** Opening Data shown block **
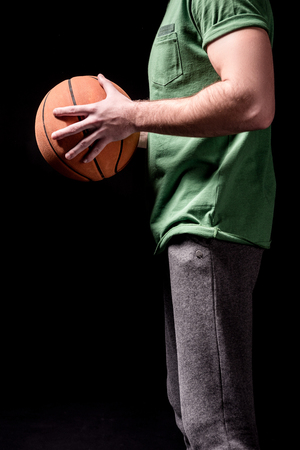 partial side view of man holding basketball ball in hands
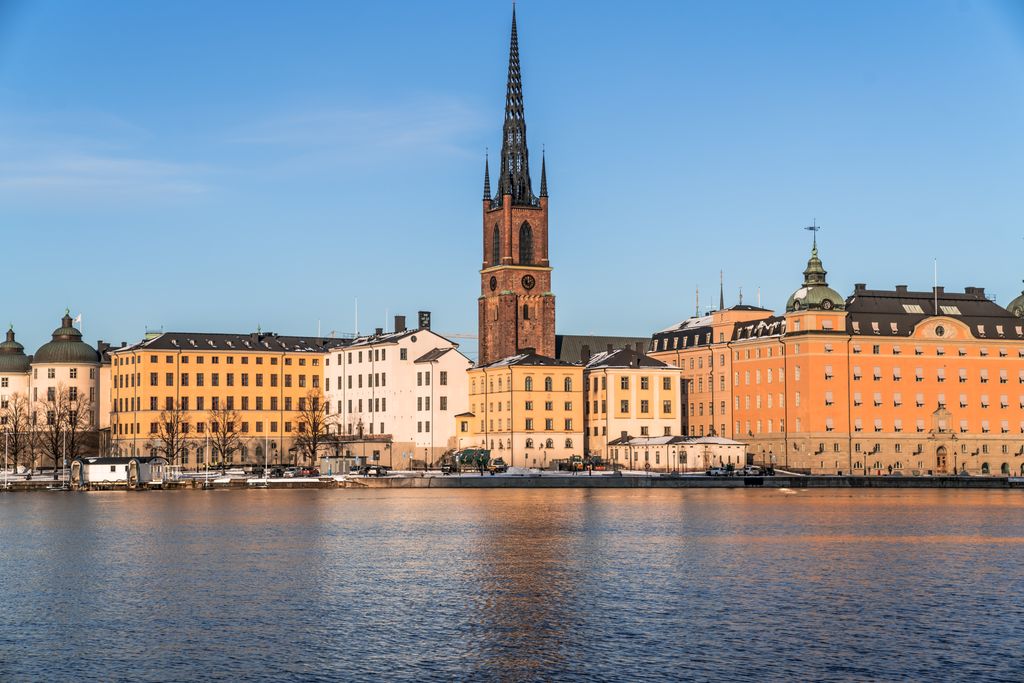 Explore the historic waterfront of Stockholm with its stunning architecture and serene waterscape.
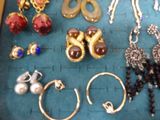 many different types of jewelry on a blue mat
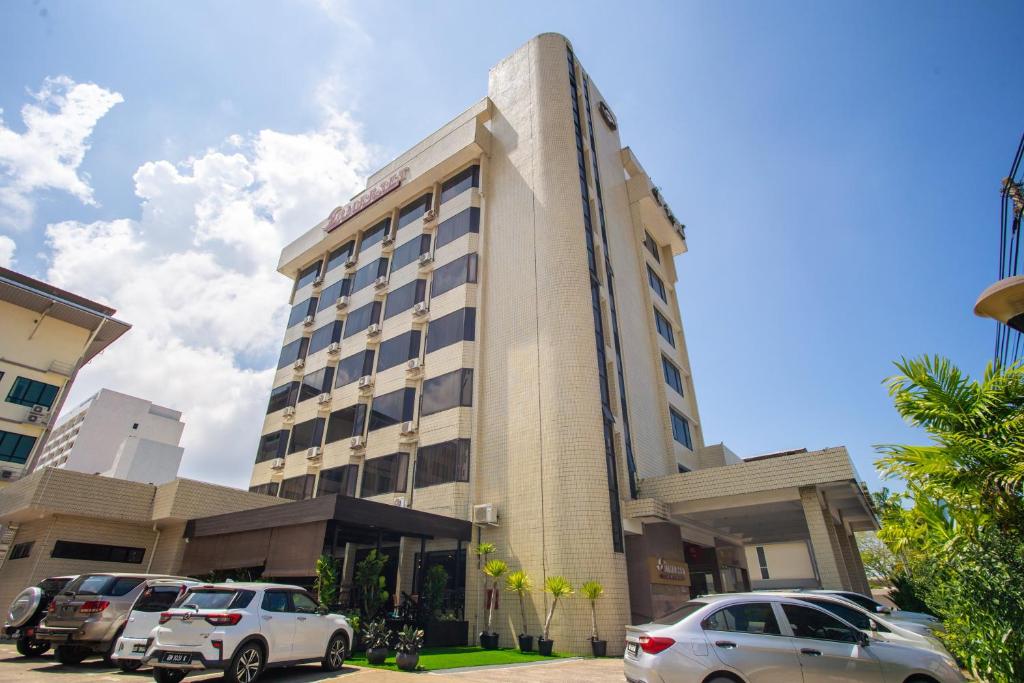 dos coches estacionados frente a un edificio en Somerset Hotel, en Miri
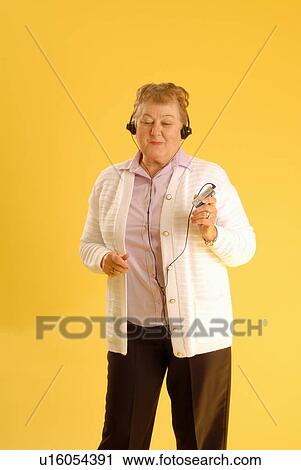 Senior Woman headphones, Regina, Saskatchewan View Large Photo Image Stock Image - Senior Woman headphones, Regina, Saskatchewan. Fotosearch
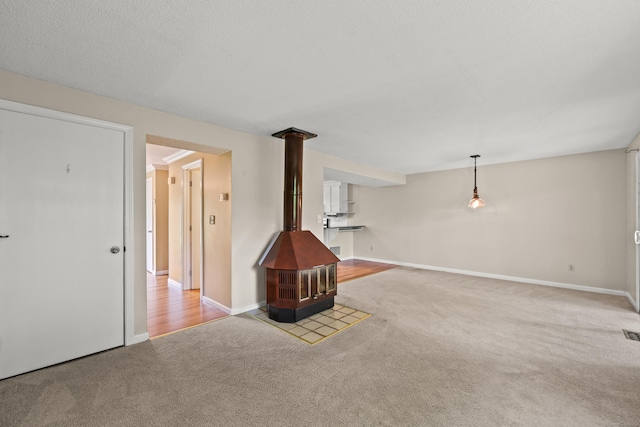 36 Wood Duck Ln Unit 36, Simsbury, CT 06081 - unfurnished living room featuring carpet, a wood stove, and baseboards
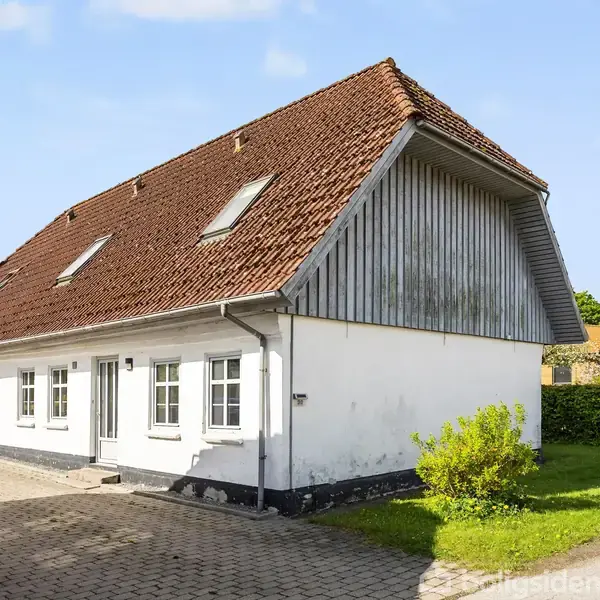 Hus med hvid facade og rødt tegltag står frit, omgivet af have og flisebelagt indkørsel. Der er grønne buske og en blå himmel i baggrunden.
** Closing Data shown block **
What the task requires: Retype the lines exactly. Begin at the one that holds "Explore the historic", stop at the last line of the entries above, and drop the pictures.

Solution for this problem:
 Explore the historic waterfront of Stockholm with its stunning architecture and serene waterscape.
 many different types of jewelry on a blue mat
 dos coches estacionados frente a un edificio en Somerset Hotel, en Miri
 Senior Woman headphones, Regina, Saskatchewan View Large Photo Image Stock Image - Senior Woman headphones, Regina, Saskatchewan. Fotosearch
 36 Wood Duck Ln Unit 36, Simsbury, CT 06081 - unfurnished living room featuring carpet, a wood stove, and baseboards
 Hus med hvid facade og rødt tegltag står frit, omgivet af have og flisebelagt indkørsel. Der er grønne buske og en blå himmel i baggrunden.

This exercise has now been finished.